Taking Back Your Mailbox with Greylisting

Sean Reifschneider

Unsolicited commercial email, a.k.a. spam, is an attack on the Internet. It's as simple as that. Until we start really treating it as such, the problem is only going to get worse. In the meantime, we've got greylisting.

Greylisting combines many desirable attributes. It's incredibly low maintenance. It has not misclassified a single legitimate message in the 3 months I've been using it, and it has reduced the number of spams I need to look at by 5 to 10 times. When I first heard about greylisting, I dismissed it as too easy for spammers to circumvent. However, in the 18 months since Evan Harris proposed the idea (July 2003), greylisting seems to be as effective as ever.

In this article, I'll provide details of how greylisting works, offer information to help you decide whether it's right for you, and suggest pointers for installation.

What Is Greylisting?

Greylisting works because the vast majority of spammers and email-propagated worms cheat. To get their messages out quickly and easily, they take shortcuts. One of the biggest shortcuts is that most message deliveries are attempted only once. If a delivery attempt fails for any reason, the sender ignores that delivery and tries other addresses.

Greylisting relies on spammers using software that does not queue messages with temporary failures to try them again at a later time. Real mail servers will continue trying to deliver a message for at least several hours, and usually several days if it doesn't go through the first time. Implementing this functionality significantly complicates the mailing software and uses resources on the sender's computers, which is probably why so many spammers are neglecting to do it.

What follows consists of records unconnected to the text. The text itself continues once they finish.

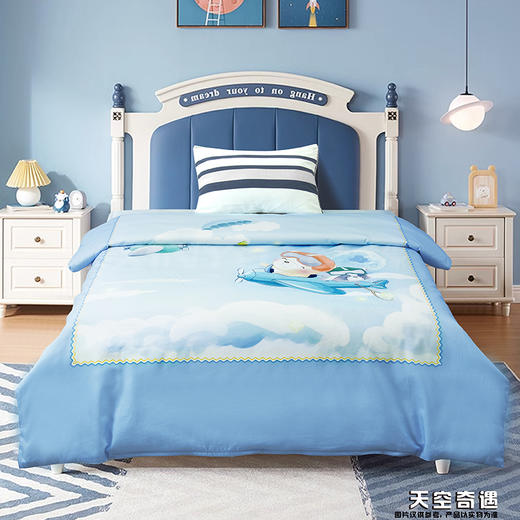 鑫缘 全棉数码印花儿童蚕丝被 AFPE0312-0612 商品图6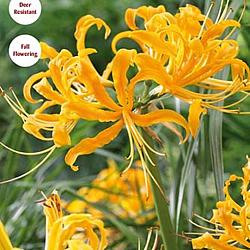 Yellow Spider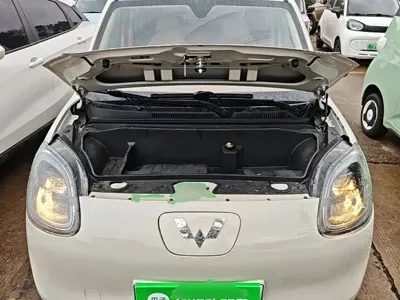 Wuling MINIEV
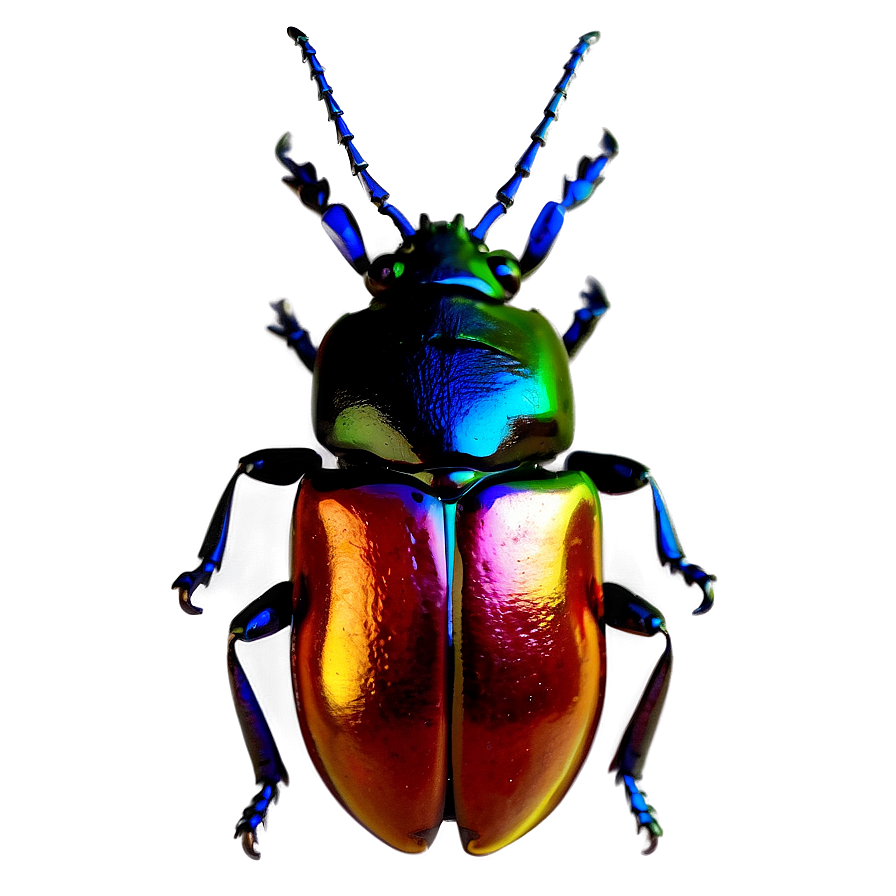 Firefly Beetle Png 06242024 PNG Image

In general terms, greylisting works by creating a "triple" of remote IP address, envelope sender, and envelope recipient for every incoming recipient. I say "recipient" instead of "message" because in the case of carbon copies, a single message can have multiple recipients. This triple is then looked up in a database. For the first hour that a new triple is seen, it is rejected with a temporary failure (400-series SMTP response), requesting that the remote Mail Transfer Agent (MTA) try again later. After that, the recipient is allowed for delivery.

Some of the greylisting implementations also limit the window of opportunity. After the first hour, if a message is not received within the next three hours, the entry is removed and the remote sender must start all over again. This further ensures that the remote system is queuing the message instead of sending another campaign.

Benefits

The primary benefits of greylisting are its effectiveness and low requirements for maintenance. It's the single most effective technique I've found for cutting down on the spam that makes it into my mailbox. I've been using SpamAssassin, ClamAV, outsourced spam blocking companies, and other techniques, and the addition of greylisting has reduced the amount of spam in our mailboxes by 5 to 10 times. Additionally, with it we've been able to entirely eliminate our quarantine folders.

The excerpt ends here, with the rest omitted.